►

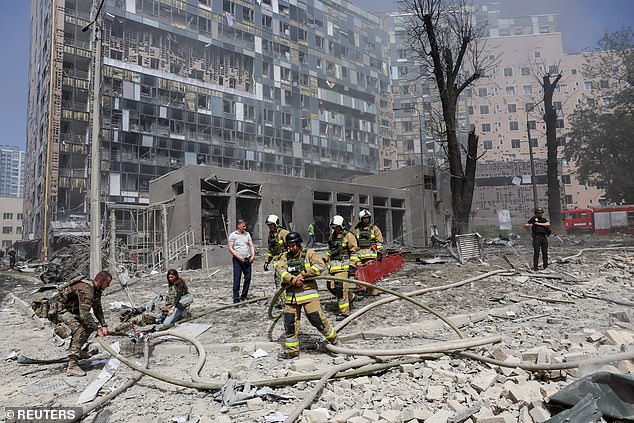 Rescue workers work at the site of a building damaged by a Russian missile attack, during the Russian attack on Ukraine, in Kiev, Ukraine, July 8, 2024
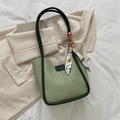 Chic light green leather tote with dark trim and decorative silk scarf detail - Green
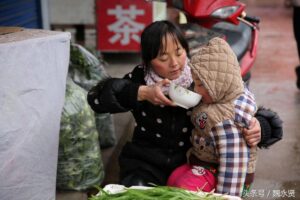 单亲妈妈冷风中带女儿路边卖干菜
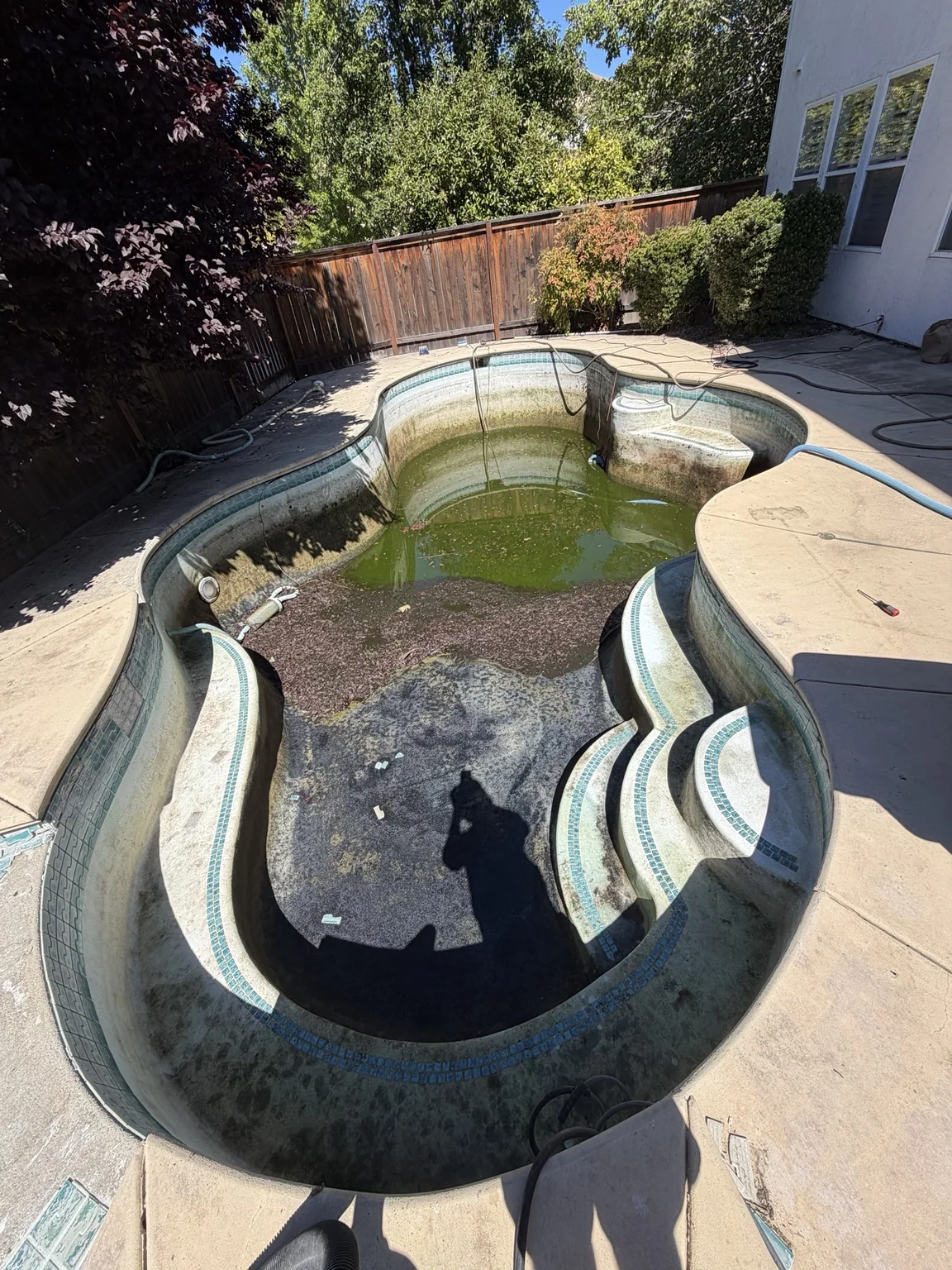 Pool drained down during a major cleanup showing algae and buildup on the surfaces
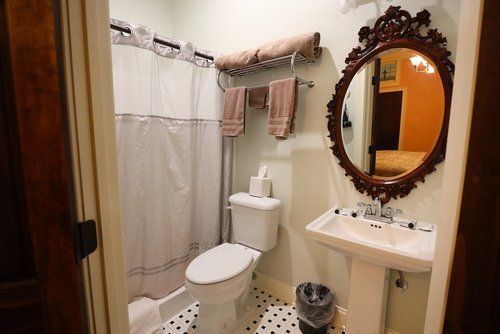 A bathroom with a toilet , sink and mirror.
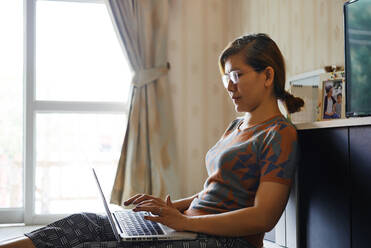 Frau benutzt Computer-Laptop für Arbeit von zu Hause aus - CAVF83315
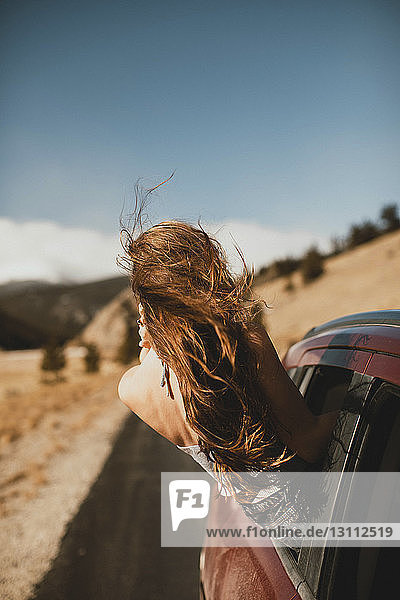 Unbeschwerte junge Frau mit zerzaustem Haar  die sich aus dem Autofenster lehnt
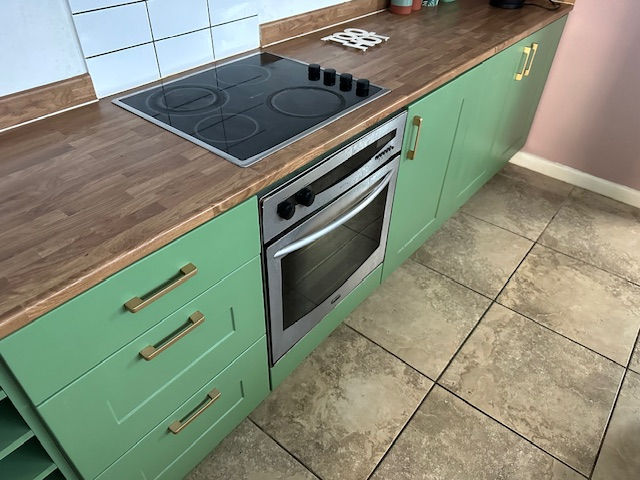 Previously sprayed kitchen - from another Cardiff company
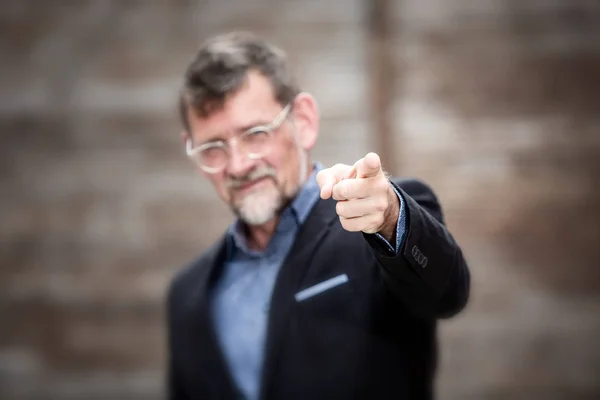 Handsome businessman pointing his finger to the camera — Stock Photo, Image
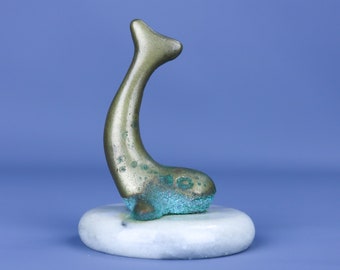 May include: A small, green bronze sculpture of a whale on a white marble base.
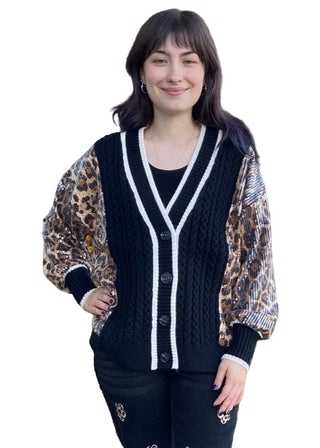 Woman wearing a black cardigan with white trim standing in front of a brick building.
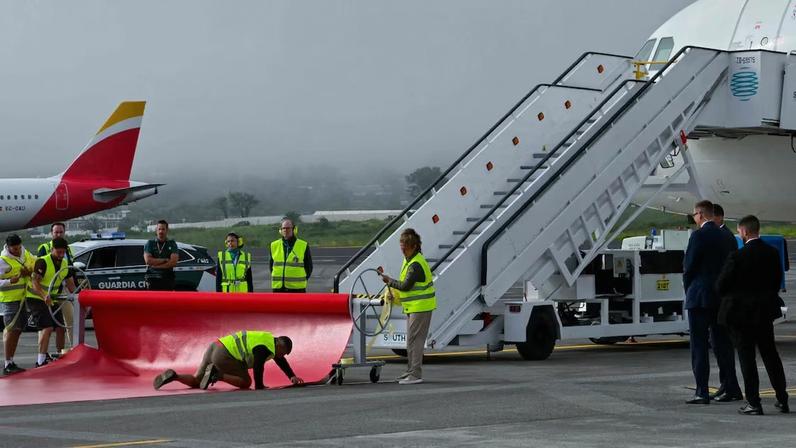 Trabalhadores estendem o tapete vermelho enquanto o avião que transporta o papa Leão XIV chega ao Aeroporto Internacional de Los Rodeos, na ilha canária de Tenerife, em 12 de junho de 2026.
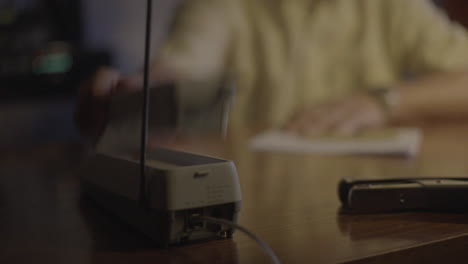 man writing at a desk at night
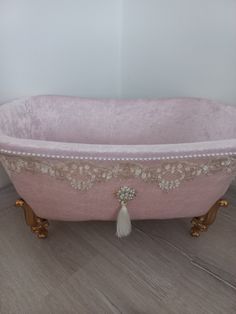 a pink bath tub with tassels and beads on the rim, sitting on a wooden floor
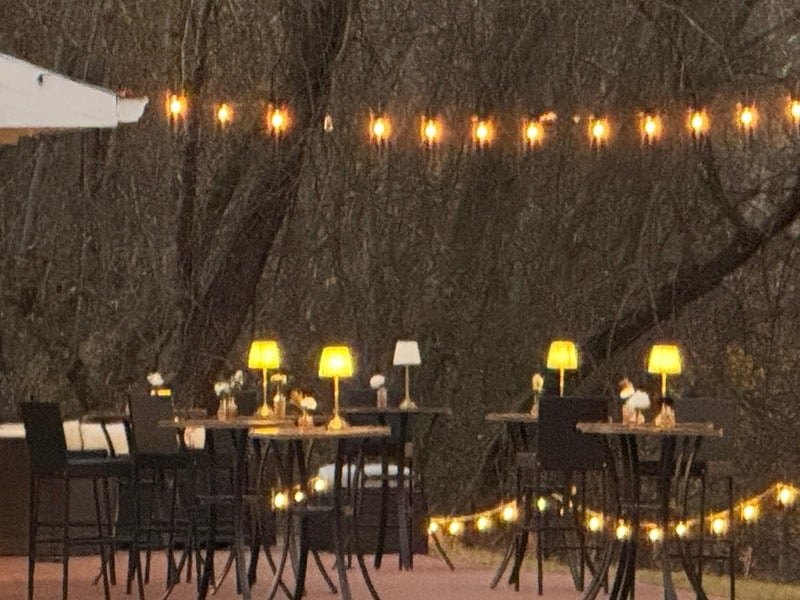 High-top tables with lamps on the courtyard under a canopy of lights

◄

**PROBLEM REQUIREMENTS**
Without including any pictures, repeat the records above exactly.

**PROBLEM SOLUTION**
 Rescue workers work at the site of a building damaged by a Russian missile attack, during the Russian attack on Ukraine, in Kiev, Ukraine, July 8, 2024
 Chic light green leather tote with dark trim and decorative silk scarf detail - Green
 单亲妈妈冷风中带女儿路边卖干菜
 Pool drained down during a major cleanup showing algae and buildup on the surfaces
 A bathroom with a toilet , sink and mirror.
 Frau benutzt Computer-Laptop für Arbeit von zu Hause aus - CAVF83315
 Unbeschwerte junge Frau mit zerzaustem Haar  die sich aus dem Autofenster lehnt
 Previously sprayed kitchen - from another Cardiff company
 Handsome businessman pointing his finger to the camera — Stock Photo, Image
 May include: A small, green bronze sculpture of a whale on a white marble base.
 Woman wearing a black cardigan with white trim standing in front of a brick building.
 Trabalhadores estendem o tapete vermelho enquanto o avião que transporta o papa Leão XIV chega ao Aeroporto Internacional de Los Rodeos, na ilha canária de Tenerife, em 12 de junho de 2026.
 man writing at a desk at night
 a pink bath tub with tassels and beads on the rim, sitting on a wooden floor
 High-top tables with lamps on the courtyard under a canopy of lights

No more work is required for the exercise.